Sur ce point, force est de constater qu’à l’examen des pièces produites, et notamment son avis d’impôt 2018, elle minimise le montant de ses revenus, qui s’élèvent non à 2 510 euros comme elle le prétend, mais à plus de 3 000 euros.
En outre, comme l’a relevé la SARL Impac, la perception de revenus de capitaux mobiliers et le rachat d’un contrat d’assurance-vie mentionné sur un extrait de son compte de la Banque postale démontrent qu’elle dispose d’une épargne qu’elle passe soigneusement sous silence.
De le même façon, elle ne s’explique pas sur la succession dont les frais de licitation payés en 2016 révèlent l’existence.

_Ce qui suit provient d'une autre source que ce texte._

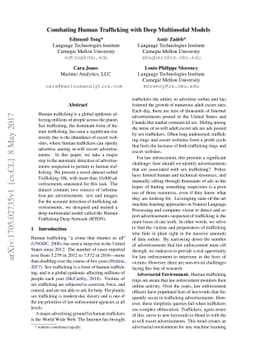 Combating Human Trafficking with Deep Multimodal Models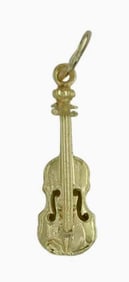 VINTAGE 14K YELLOW GOLD VIOLIN / VIOLA PENDANT CHARM    Vintage 14K Yellow Gold Violin / Viola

S’agissant de l’utilisation de la somme perçue en 2014, d’un montant de 145 000 euros, les factures de travaux qu’elle produit, à l’exclusion de simples devis, ne justifient de l’existence de dépenses qu’à hauteur de 60 000 euros. A cette somme s’ajoutent des frais de notaire de 41 600 euros. Aussi le solde, soit 43 400 euros, lui permettait-il de payer la somme mise à sa charge par le jugement.

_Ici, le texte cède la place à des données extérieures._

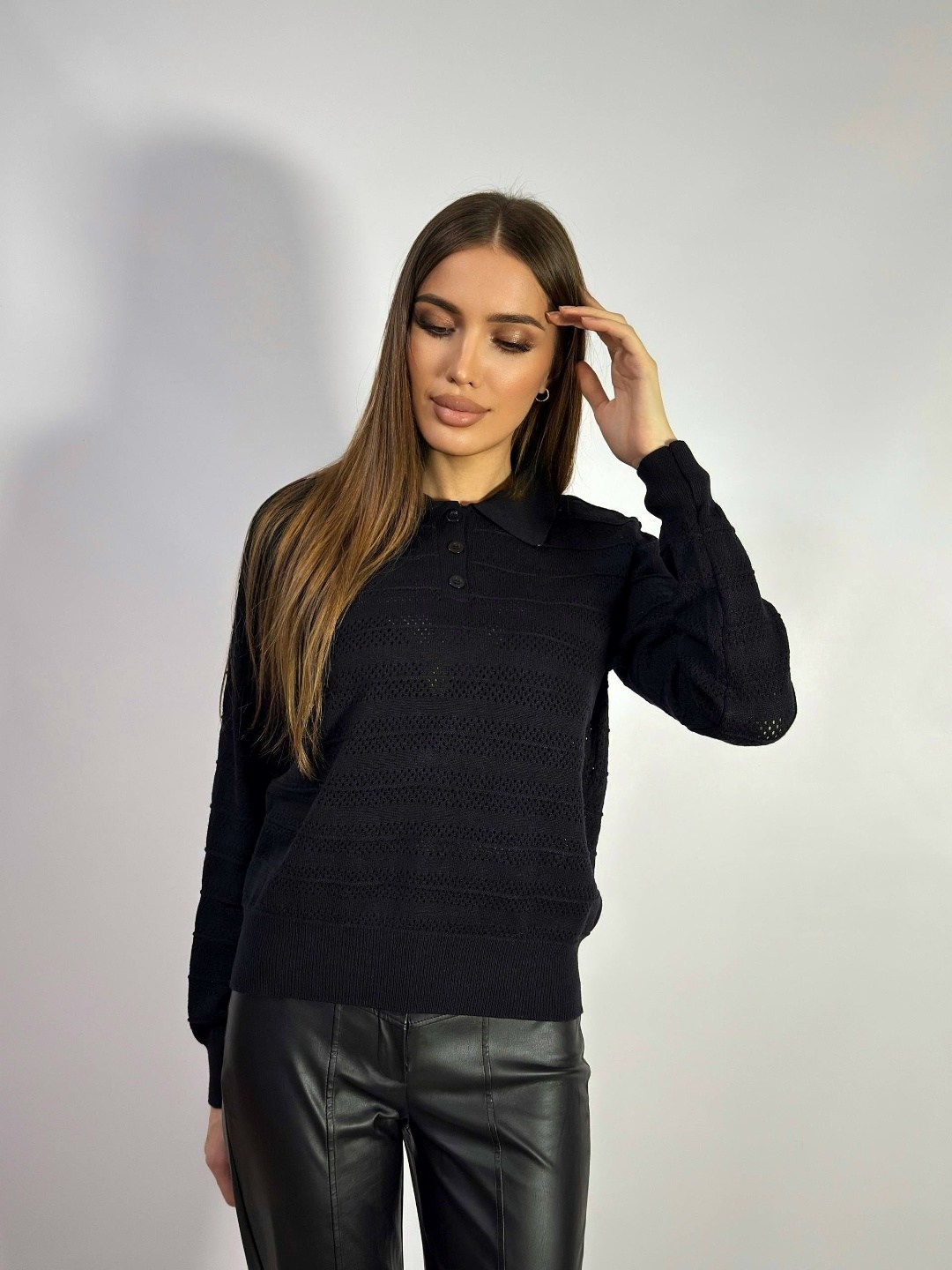 джемпер женский,кофта женская,джемпер поло женский голубой,кофта блузка,женская кофточка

Il résulte de ce qui précède que Mme X ne démontre pas que l’exécution de cette décision serait de nature à entraîner des conséquences manifestement excessives pour elle ou qu’elle est dans l’impossibilité d’exécuter le jugement précité.
L’ordonnance du 9 octobre 2019 sera donc confirmée en ce qu’elle a prononcé la radiation de l’affaire enrôlée sous le n° RG 18/390 concernant la procédure d’appel par Mme X du jugement entrepris.

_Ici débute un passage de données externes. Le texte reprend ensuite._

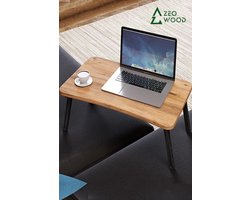Zeo Wood Bedtafel - Laptoptafel - Bank Tafeltje - Ontbijttafeltje - Opvouwbaar - 59 x 35 x 24 cm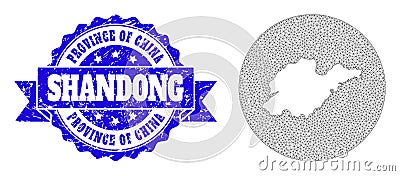 Carcass Mesh Circle Inverted Map of Shandong Province with Grunge Seal Stock Photo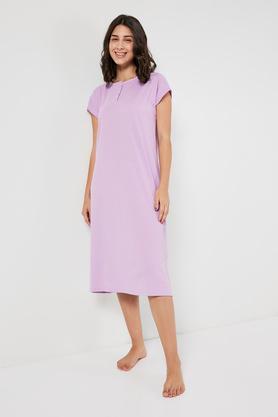 short sleeves polyester women's night gown - lilac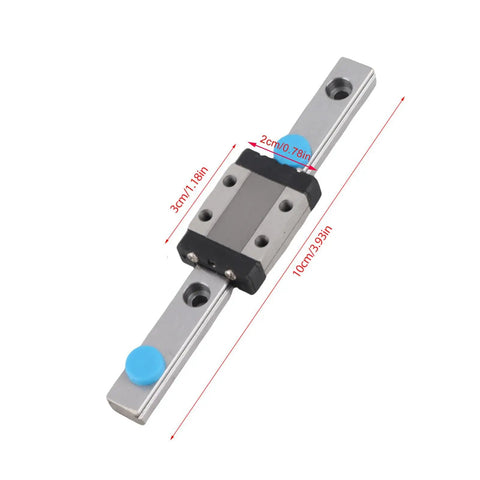 Miniature Linear Rail Block Set With Ball Retainer For Smooth Precision Movement, 100mm Bearing Steel Rail, with side view measurements.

2/ Sur la demande de dommages et intérêts pour procédure abusive
La SARL Impac formule, dans le dispositif de ses conclusions, une demande de condamnation de Mme X au paiement de la somme de 2 000 euros pour procédure abusive.
Cependant, elle ne motive aucunement cette prétention, laquelle ne peut donc qu’être rejetée.
3/ Sur les autres demandes
L’ordonnance déférée sera également confirmée en ce qu’elle a mis les dépens de l’incident à la charge de cette dernière.
En revanche, il y a lieu, au regard de ce qui précède, de faire application de l’article 700 du code de procédure civile et de condamner Mme X à payer à la SARL Impac la somme de 1000 euros au titre des frais exposés par celle-ci et non compris dans les dépens.
Mme X supportera également la charge des dépens de la présente procédure.
PAR CES MOTIFS,
La cour,
Confirme l’ordonnance du conseiller de la mise en état du 9 octobre 2019 sauf en ce qu’elle a dit n’y avoir lieu à application des dispositions de l’article 700 du code de procédure civile,
Statuant à nouveau,
Condamne Mme Y X à payer à la SARL Impac la somme de 1 000€ (mille euros) en application des dispositions de l’article 700 du code de procédure civile,
Et y ajoutant,
Déboute la SARL Impac de sa demande de condamnation pour procédure abusive,
Condamne Mme Y X aux dépens de la présente procédure de déféré.
En foi de quoi le présent arrêt a été signé par la Présidente de chambre et le Greffier.